▸ **Data records**:
= = = = = = =
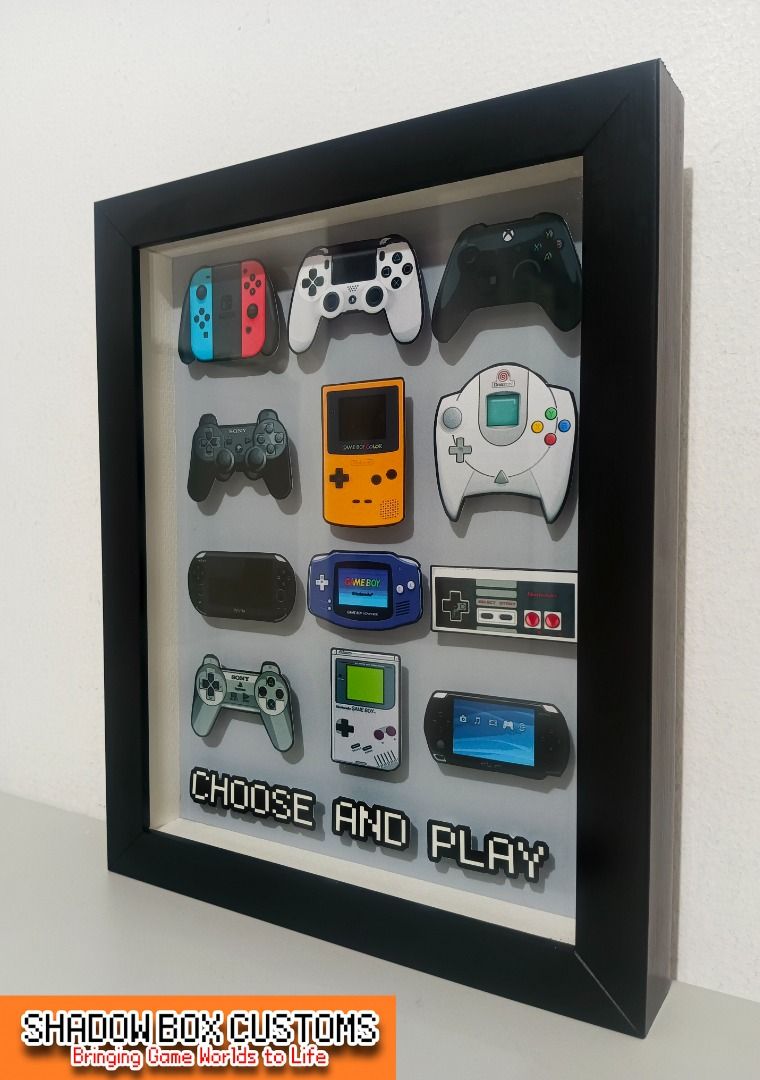 Choose & Play - Video Game Theme Shadow Box (Category: Nintendo) located in Quezon City. Submitted by natzuki10 (Listing ID 1465395300, Image 3). Description: Choose & Play - Video Game Theme Shadow Box Height: 10 inches Width: 8 inches *Handmade Pixel Shadow Boxes *Accepting Customized Designs *Perfect for Gamers & Collectors #videogames #playstation #nintendo #xbox #roomdecor #collection #controller #gamer #gift.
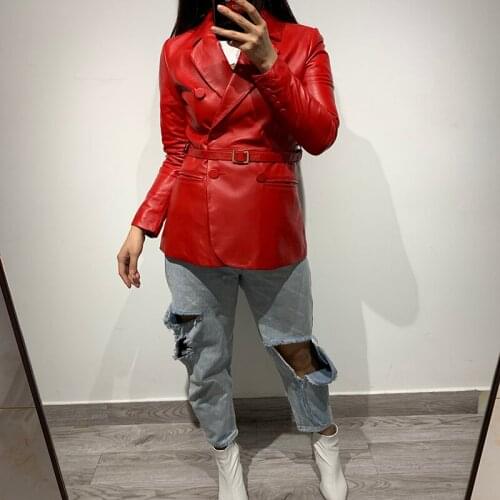 Women genunie leather blazer ladies real sheepskin leather jacket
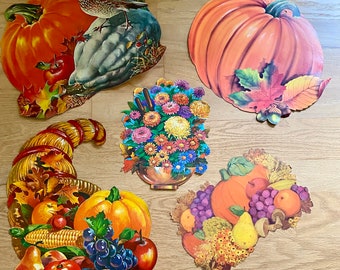 Vintage Die Cut Lot Halloween Autumn Fall Pumpkins Gourds Mums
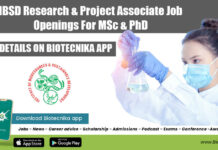 IBSD Research & Project Associate Job Openings For MSc & PhD IBSD Jobs 2022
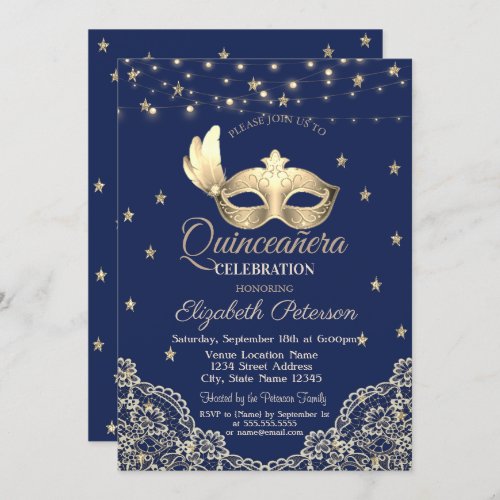 MasqueString LightsLaceStars Quinceaera Invitation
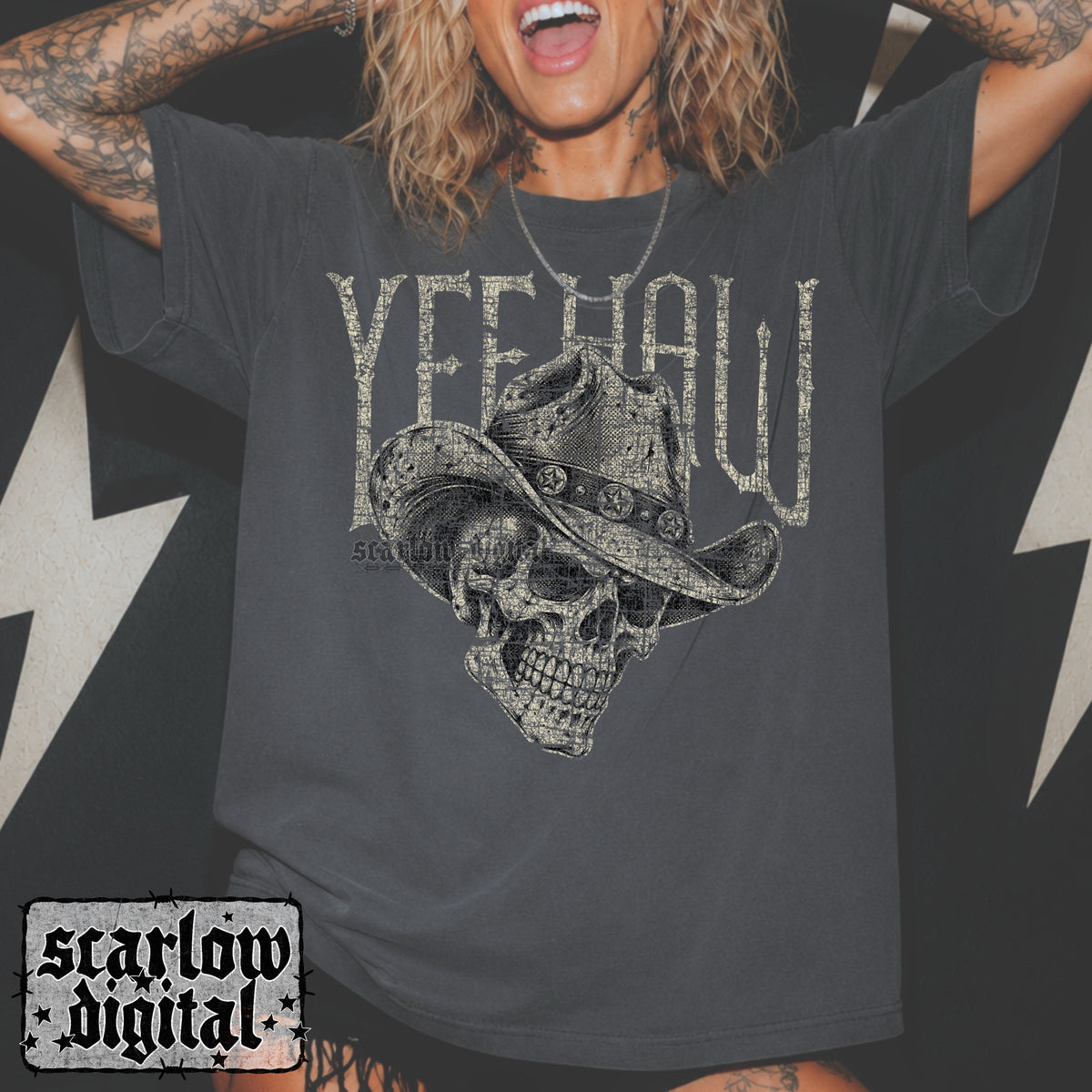 Yeehaw Grunge Skull Western PNG Digital Design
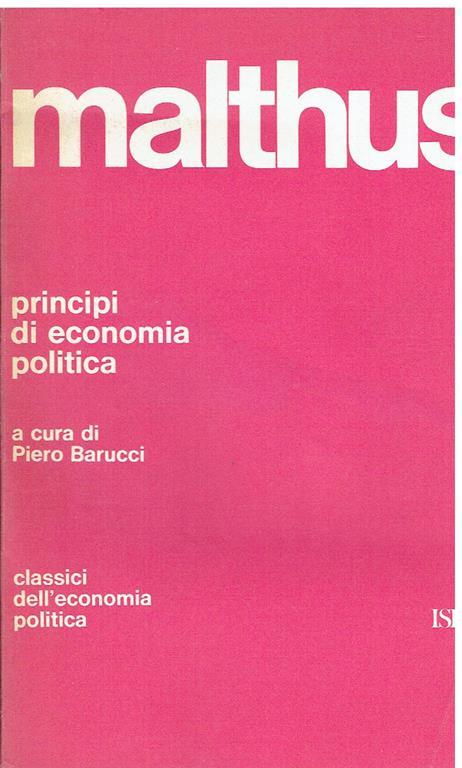 Introduzione ai "Principi di economia politica di Thomas Robert Malthus - Piero Barucci - copertina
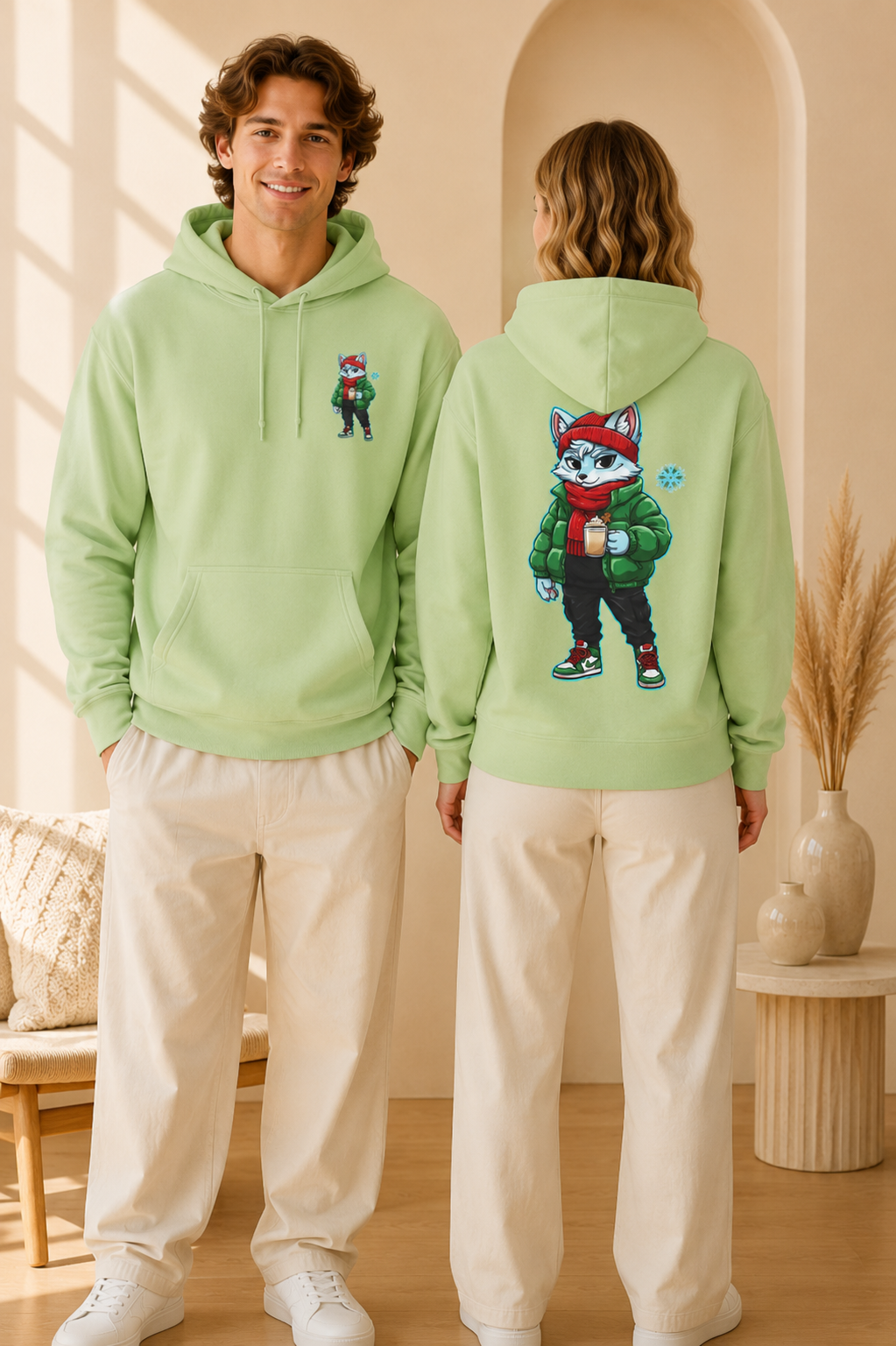 Cyber Wolf Gamer Hoodie | Cozy Christmas Sweatshirt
= = = = = = =
▸ **Instructions to follow**:
Please repeat each line above exactly as it appears, but omit the pictures.

▸ **Task answer**:
 Choose & Play - Video Game Theme Shadow Box (Category: Nintendo) located in Quezon City. Submitted by natzuki10 (Listing ID 1465395300, Image 3). Description: Choose & Play - Video Game Theme Shadow Box Height: 10 inches Width: 8 inches *Handmade Pixel Shadow Boxes *Accepting Customized Designs *Perfect for Gamers & Collectors #videogames #playstation #nintendo #xbox #roomdecor #collection #controller #gamer #gift.
 Women genunie leather blazer ladies real sheepskin leather jacket
 Vintage Die Cut Lot Halloween Autumn Fall Pumpkins Gourds Mums
 IBSD Research & Project Associate Job Openings For MSc & PhD IBSD Jobs 2022
 MasqueString LightsLaceStars Quinceaera Invitation
 Yeehaw Grunge Skull Western PNG Digital Design
 Introduzione ai "Principi di economia politica di Thomas Robert Malthus - Piero Barucci - copertina
 Cyber Wolf Gamer Hoodie | Cozy Christmas Sweatshirt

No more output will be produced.